● **Problem statement**
At the line containing "Hostal Venecia II Monzon Exterior photo", begin an exact copy of the lines below and continue through the final one, with no pictures.

Short text fragments from websites
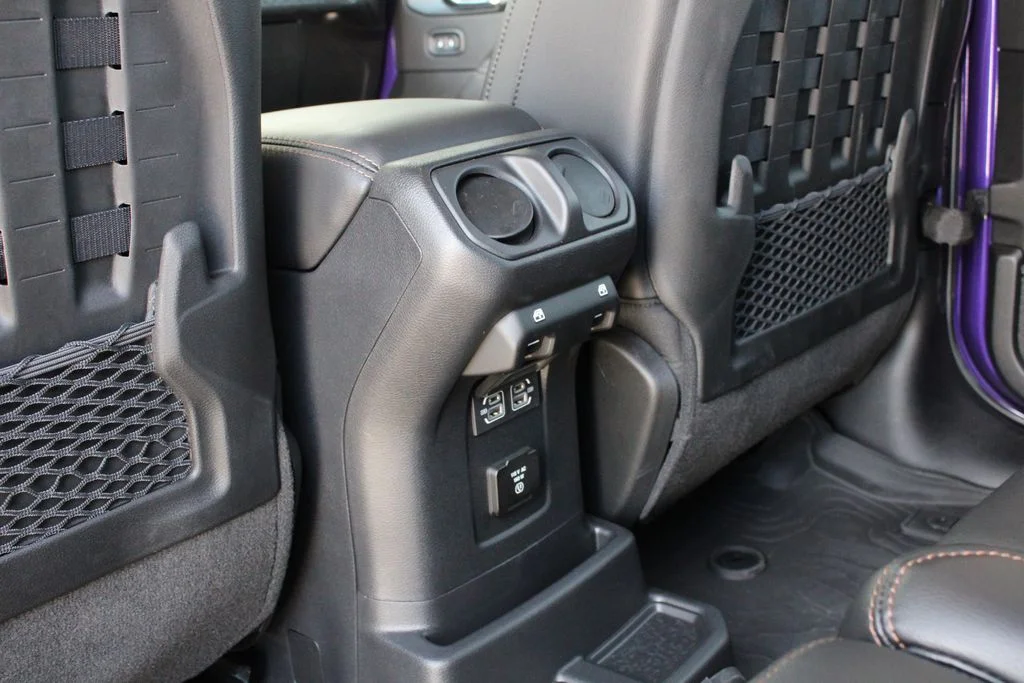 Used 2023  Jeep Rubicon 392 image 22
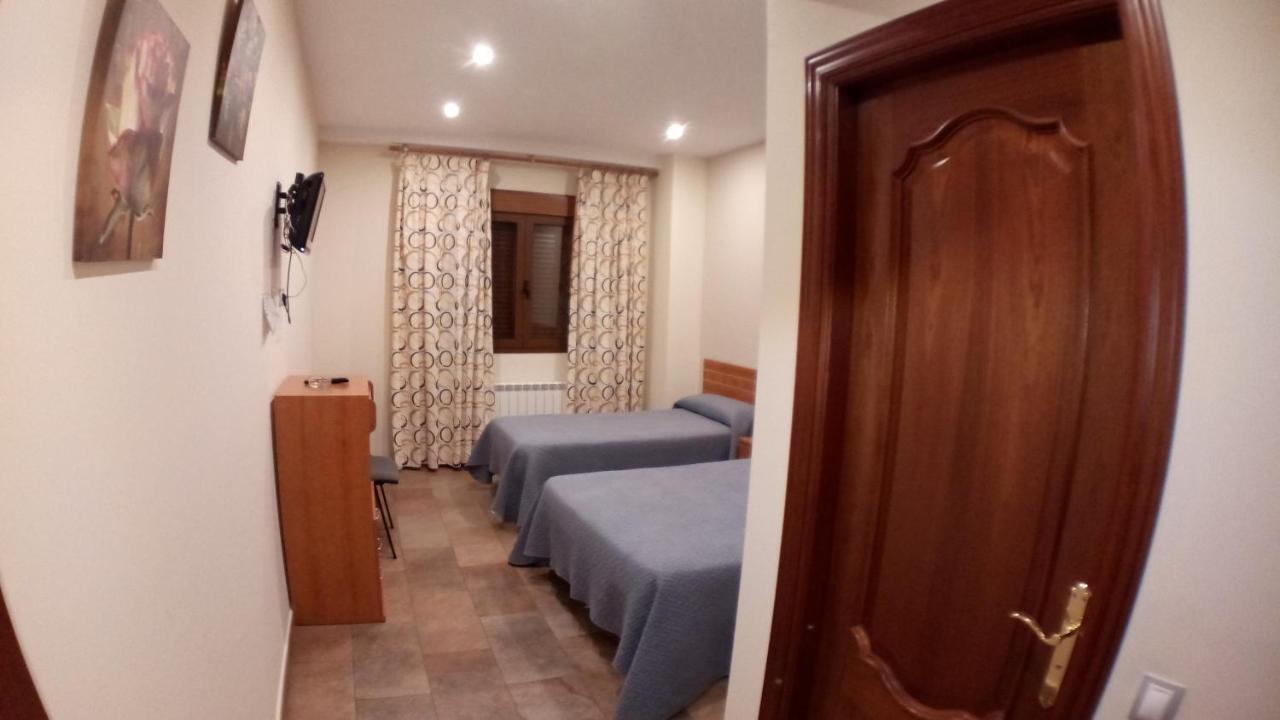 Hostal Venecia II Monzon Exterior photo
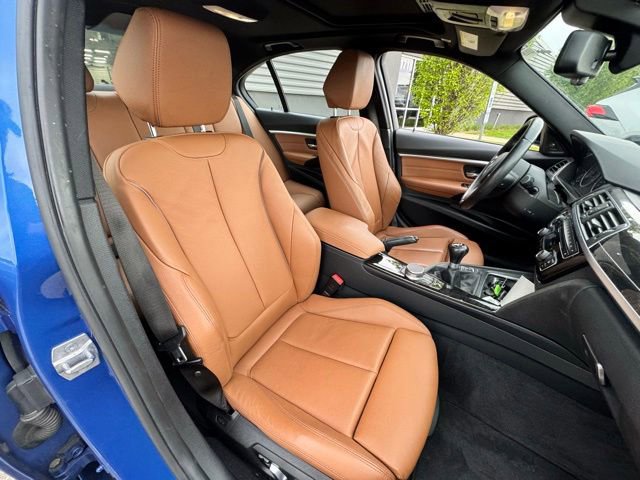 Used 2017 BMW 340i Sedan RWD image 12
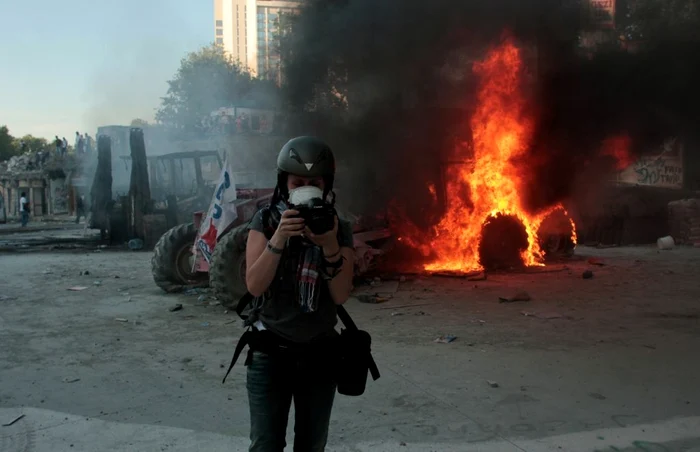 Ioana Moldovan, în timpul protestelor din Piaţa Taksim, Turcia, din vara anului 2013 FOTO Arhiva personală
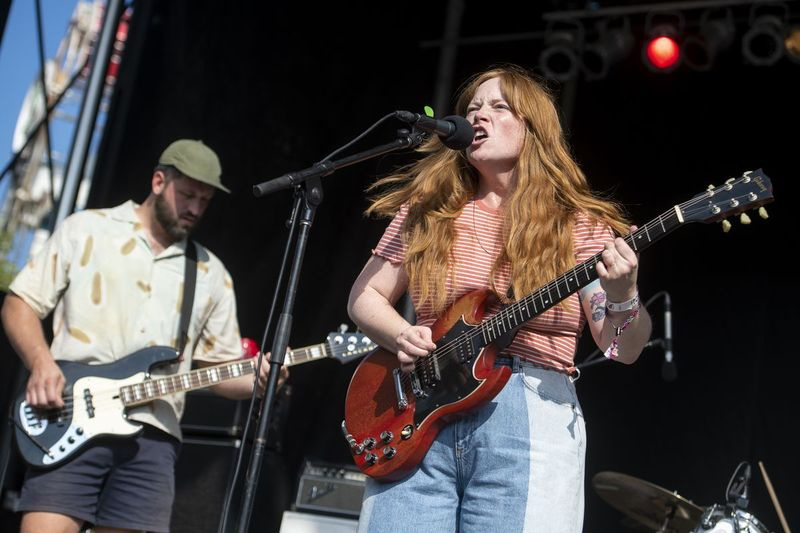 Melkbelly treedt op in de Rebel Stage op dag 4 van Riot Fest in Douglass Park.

● **Exercise response**
 Hostal Venecia II Monzon Exterior photo
 Used 2017 BMW 340i Sedan RWD image 12
 Ioana Moldovan, în timpul protestelor din Piaţa Taksim, Turcia, din vara anului 2013 FOTO Arhiva personală
 Melkbelly treedt op in de Rebel Stage op dag 4 van Riot Fest in Douglass Park.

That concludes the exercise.